Welcome
Mline Books was started in 2006 with the goal of publishing engaging fiction in softcover format.
Our inaugural title, Notes from Hotel Misterioso, by Michael Bugbee is an instant classic of Postmodernism. It explores the ways in which memory and desire infuence how we interpret and make meaningful what we believe we know.
The conceit is that the narrator, Miles Hyde (not Miles Reveal), a retired photojournalist who once did contract work for the CIA, is simply jotting down a few notes from a run-down beach resort that he owns in Mexico. The Notes appear to be written for Hyde’s eyes only, and in a temporal shorthand that promises neither a plot nor a resolution. The words “Notes from” in the title establish thematic neutrality–these might be notes about nothing–and they should alert the reader that these are only fragments, pieces of something.
Each of the novel’s eighteen chapters represents a separate entry in Hyde’s undated journal, which, while not specified, appears to have been written over several months in the early 2000s.
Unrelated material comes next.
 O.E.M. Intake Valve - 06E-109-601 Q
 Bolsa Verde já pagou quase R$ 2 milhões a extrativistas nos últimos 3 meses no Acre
The chapters, which range from the ridiculous to the sublime, do not always progress in a logical or sequential order. An entry’s change in tone and content invites a change in perspective (for both reader and narrator), and allows the story to move forward on multiple levels with a variety of interpretations–including the possibility that Miles is not the actual writer of the Notes. The seeming disjunction of the entries can undermine expectations, but it allows a sophisticated reader to step out of his traditionally passive role in the artifice of storytelling and become engaged.
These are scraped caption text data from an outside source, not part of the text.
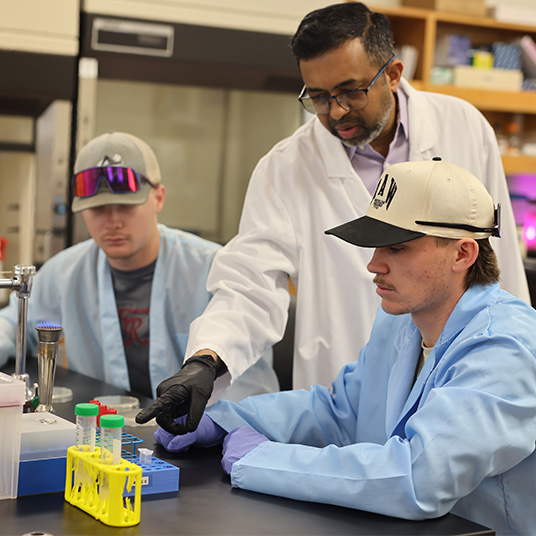 Students work on the research project with professor Rongali 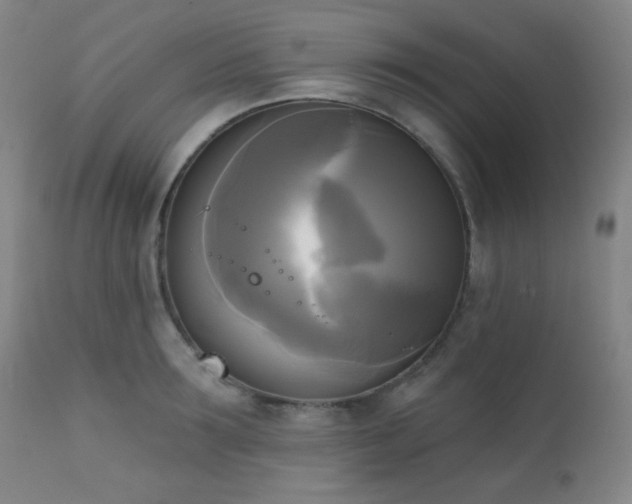 X0000111220899200907021332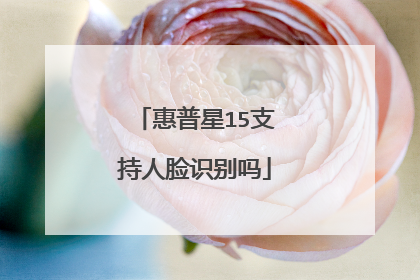 惠普星15支持人脸识别吗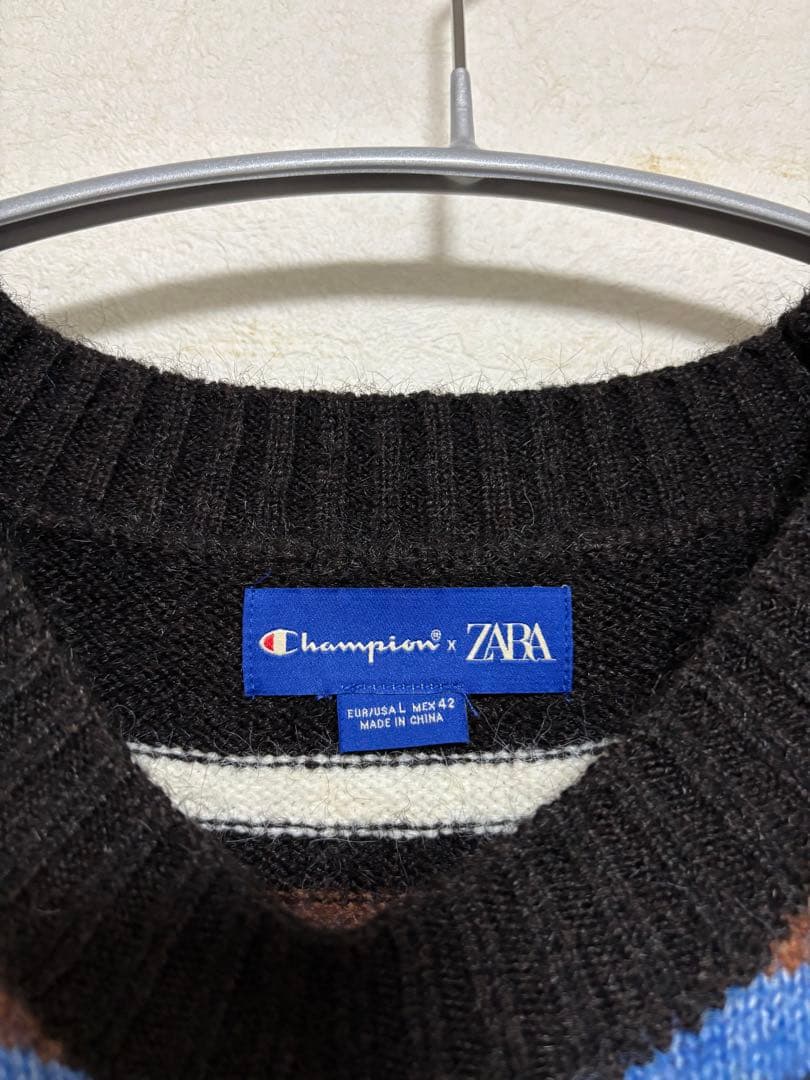 ZARA × championコラボ ボーダー柄ニット Lサイズ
Hyde does not address the reader directly, but his chatty, informal tone allows us to glean some background. He is twice divorced and the middle of three brothers. His older brother, Tim, suffers multiple personality disorder and has recently escaped from a mental institution. His younger brother, Jack, a self-destructive under achiever has died the previous year. Miles had an aborted career in Hollywood, has owned the Hotel Misterioso for over a dozen years, and is financially secure. A rogue CIA agent named Carlyle played an integral role in both Miles’ and Jack Hyde’s past.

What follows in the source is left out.